WHAT TO WORK ON |
Skip the pictures and restate, word for word, the lines from the one containing "Red and Green" to the end of the data below.

SOURCE DATA |

::::::::

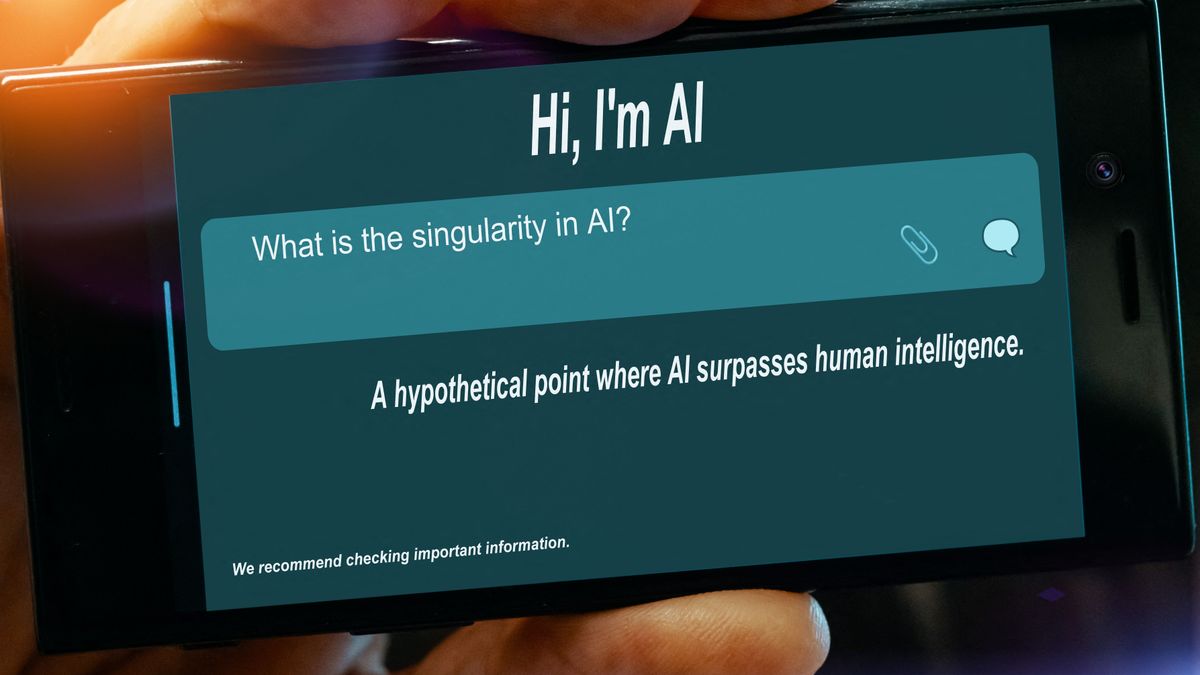 Question for AI on tablet screen. What is the singularity in AI? (Photo by WLADIMIR BULGAR/SCIENCE PHOTO LI / WBU / Science Photo Library via AFP)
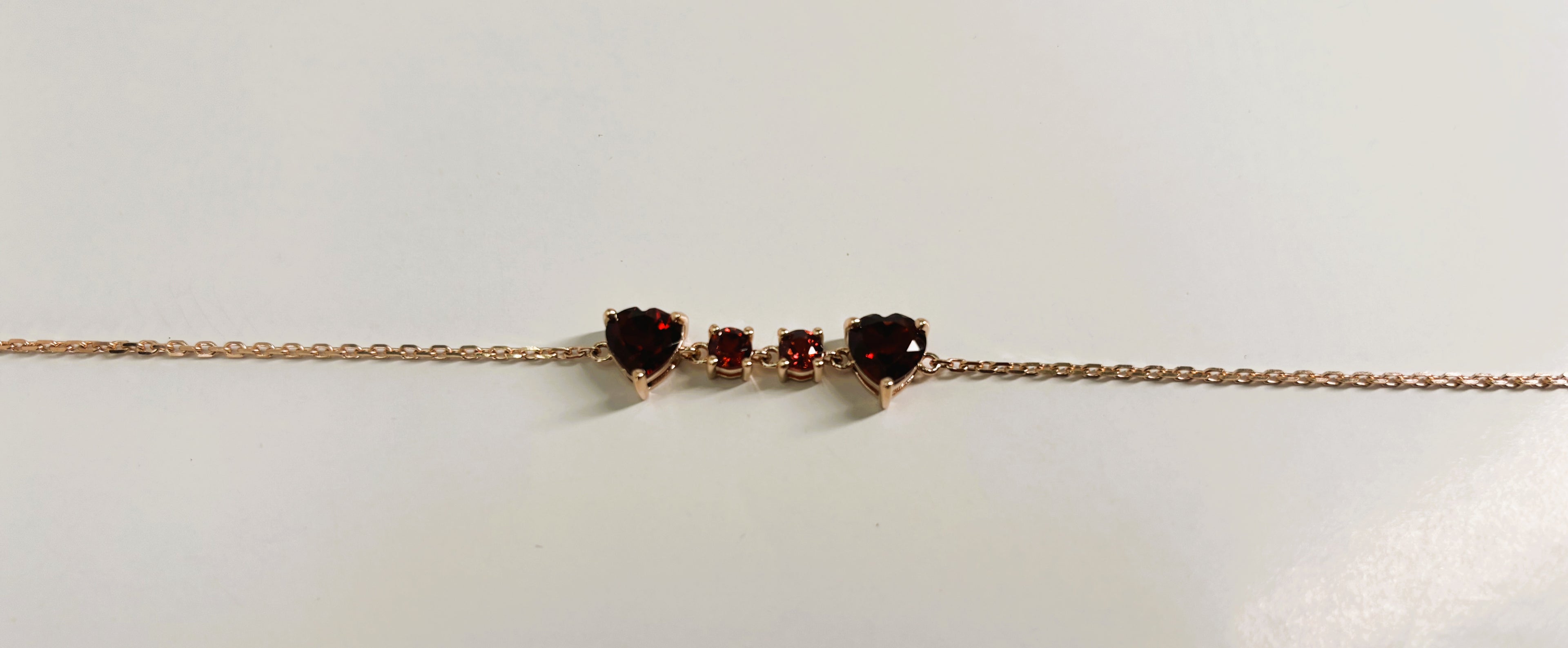 10K Rose Gold Garnet Bracelet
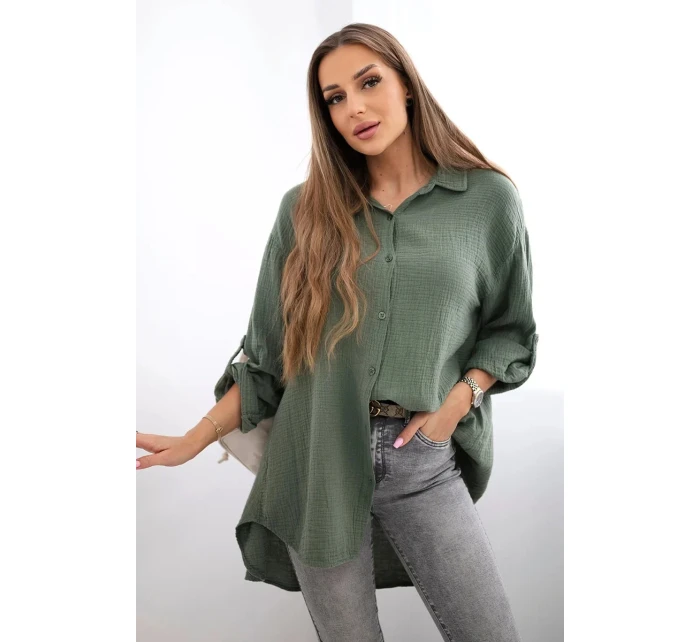 Bavlnená mušelínová košeľa khaki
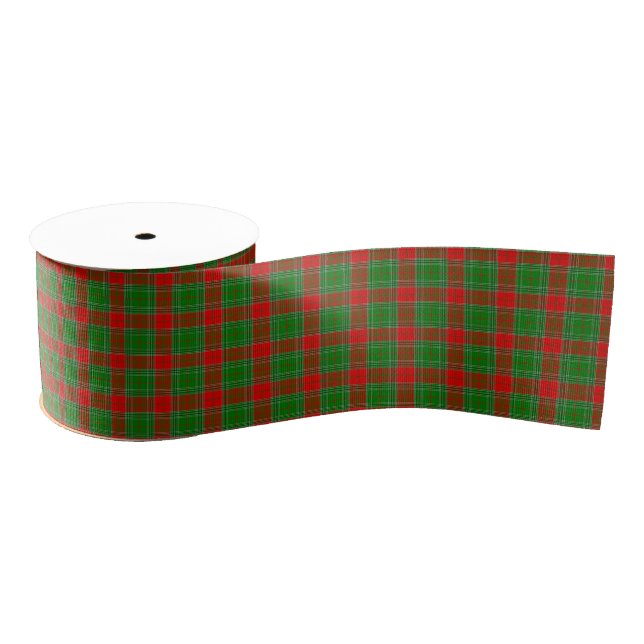 Red and Green Festive Plaid Ribbon Grosgrain Ribbon (Spool)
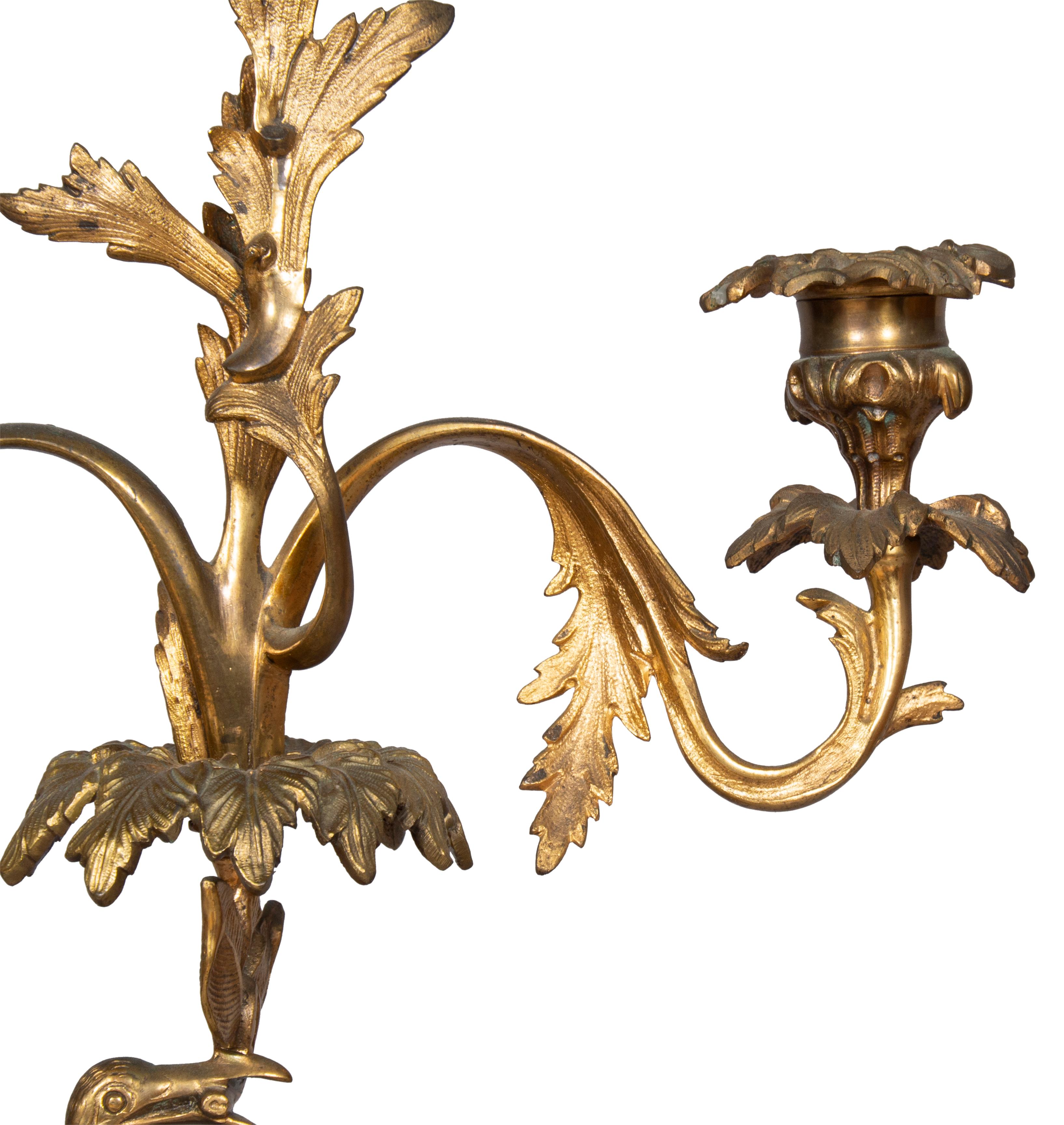 Pair of Victorian Bronze Two Arm Candelabra in the Form of Cranes by Abbott For Sale 1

::::::::

EXPECTED ANSWER |
 Red and Green Festive Plaid Ribbon Grosgrain Ribbon (Spool)
 Pair of Victorian Bronze Two Arm Candelabra in the Form of Cranes by Abbott For Sale 1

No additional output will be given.